WHAT TO WORK ON ->
What is needed is an exact copy of every line from the one containing "2026 CHEVROLET TRAIL BLAZER 330 8" through the end of the entries; please set it down without any pictures.

· · · · · · ·

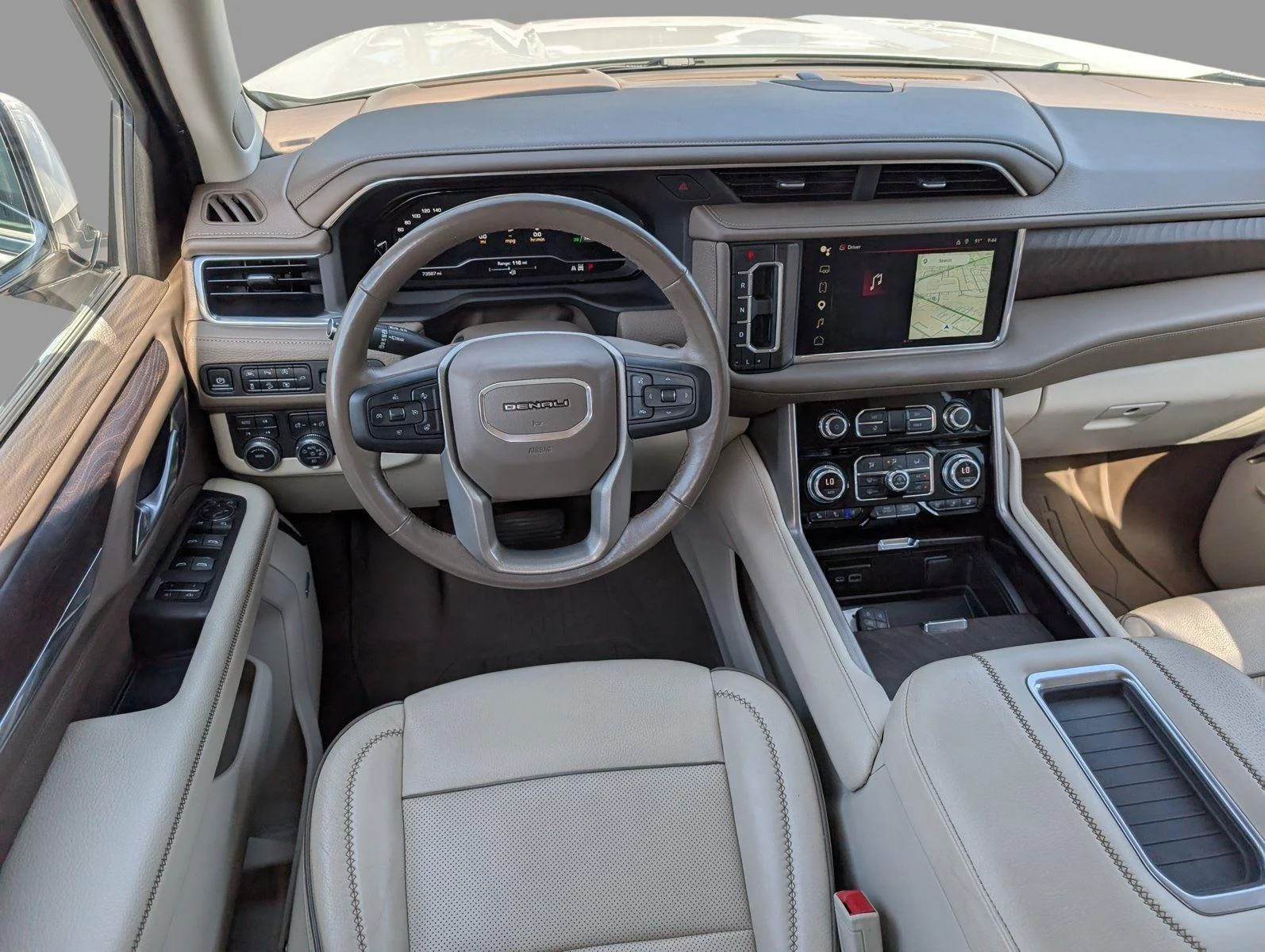 Used 2022 White Frost Tricoat GMC Denali image 31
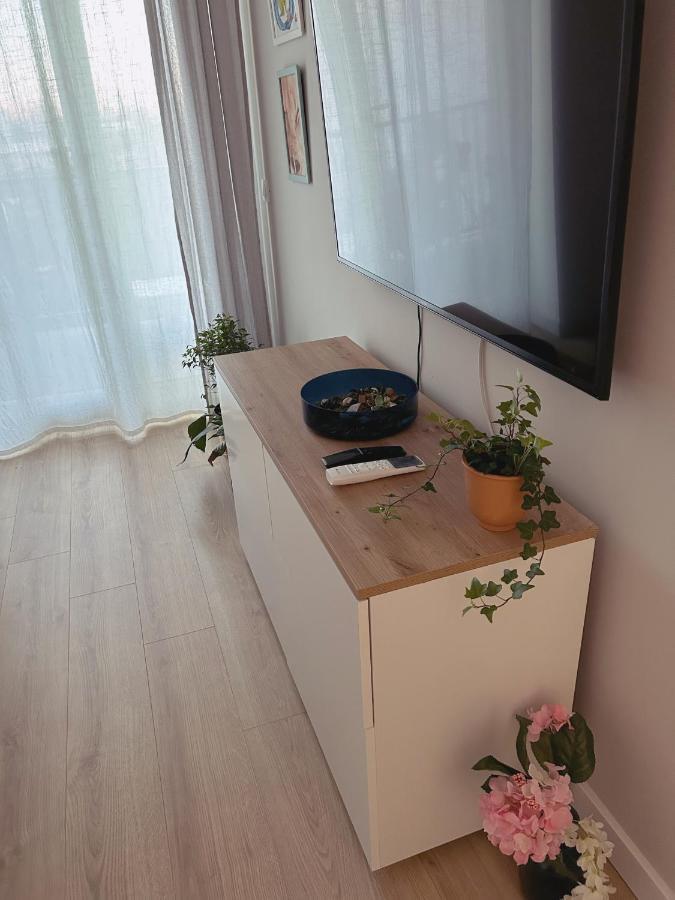 Apartament Oasis Studio Bucureşti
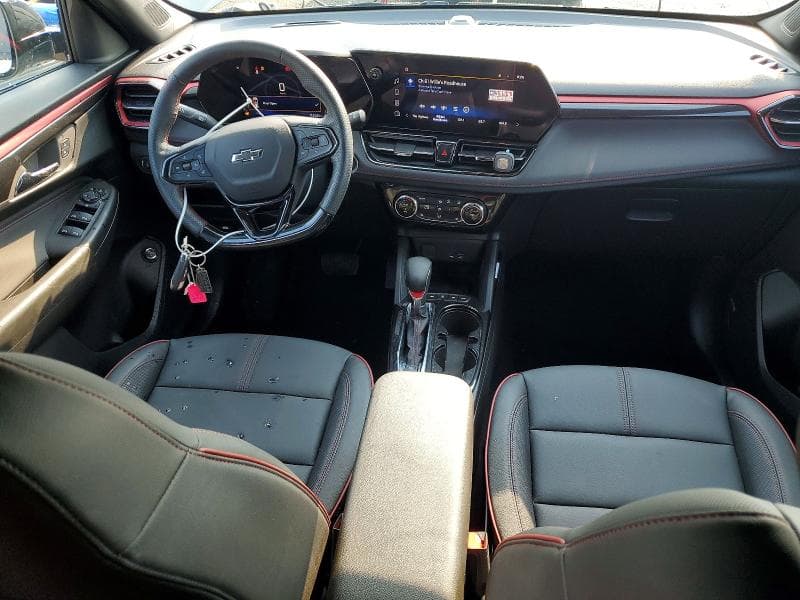 2026 CHEVROLET TRAIL BLAZER 330 8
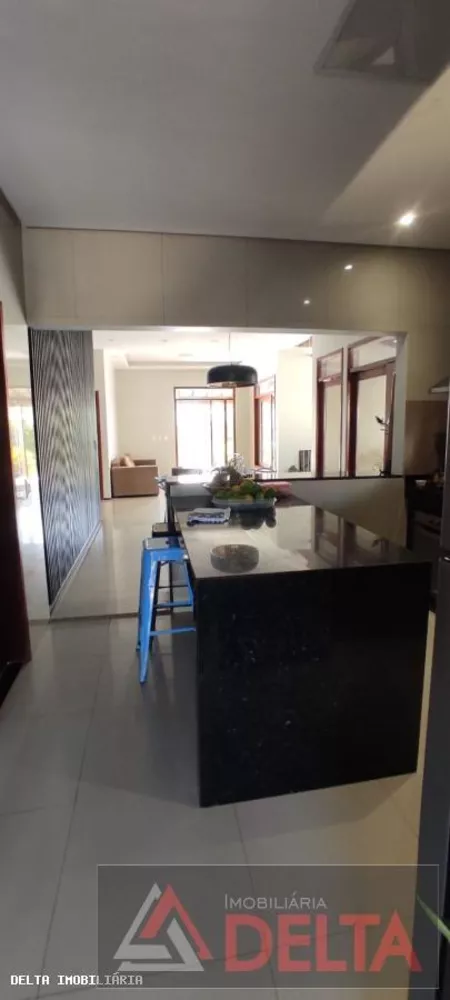 Casa para alugar com 5 quartos, 360m² - Foto 4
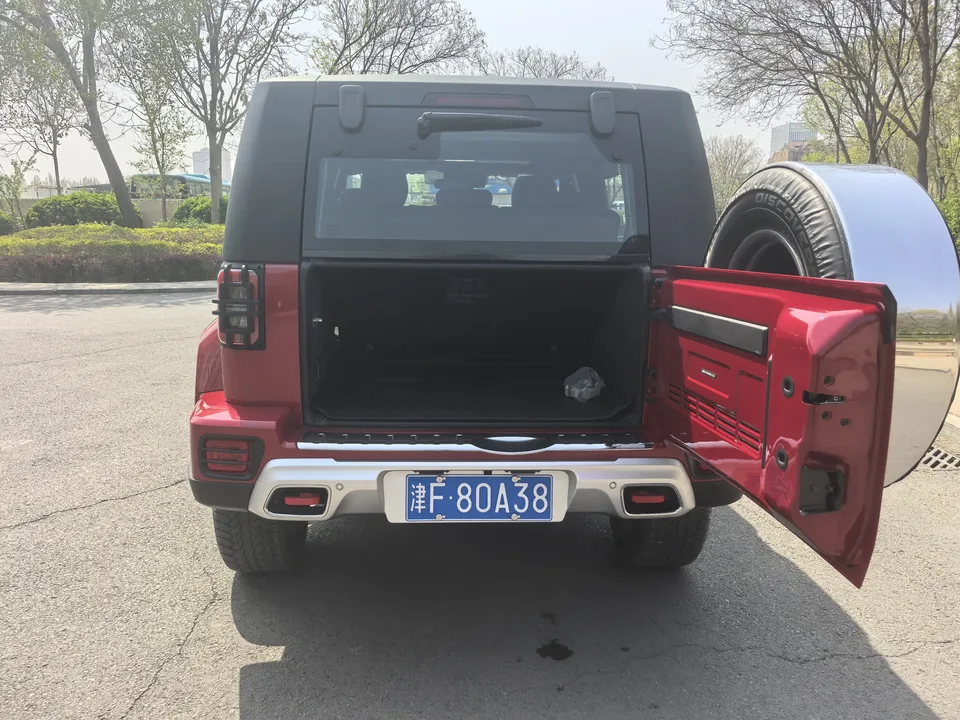 BAIC Beijing Off-road BJ40 Beijing Off-road BJ40 2023 2.0T Automatic 4WD City Hunter Edition Knight Edition 2023 — миниатюра 3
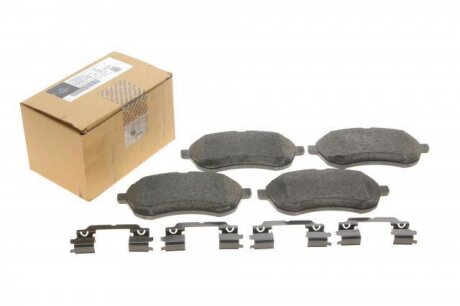 Тормозные колодки MERCEDES-BENZ A000420100590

· · · · · · ·

EXERCISE ANSWER ->
 2026 CHEVROLET TRAIL BLAZER 330 8
 Casa para alugar com 5 quartos, 360m² - Foto 4
 BAIC Beijing Off-road BJ40 Beijing Off-road BJ40 2023 2.0T Automatic 4WD City Hunter Edition Knight Edition 2023 — миниатюра 3
 Тормозные колодки MERCEDES-BENZ A000420100590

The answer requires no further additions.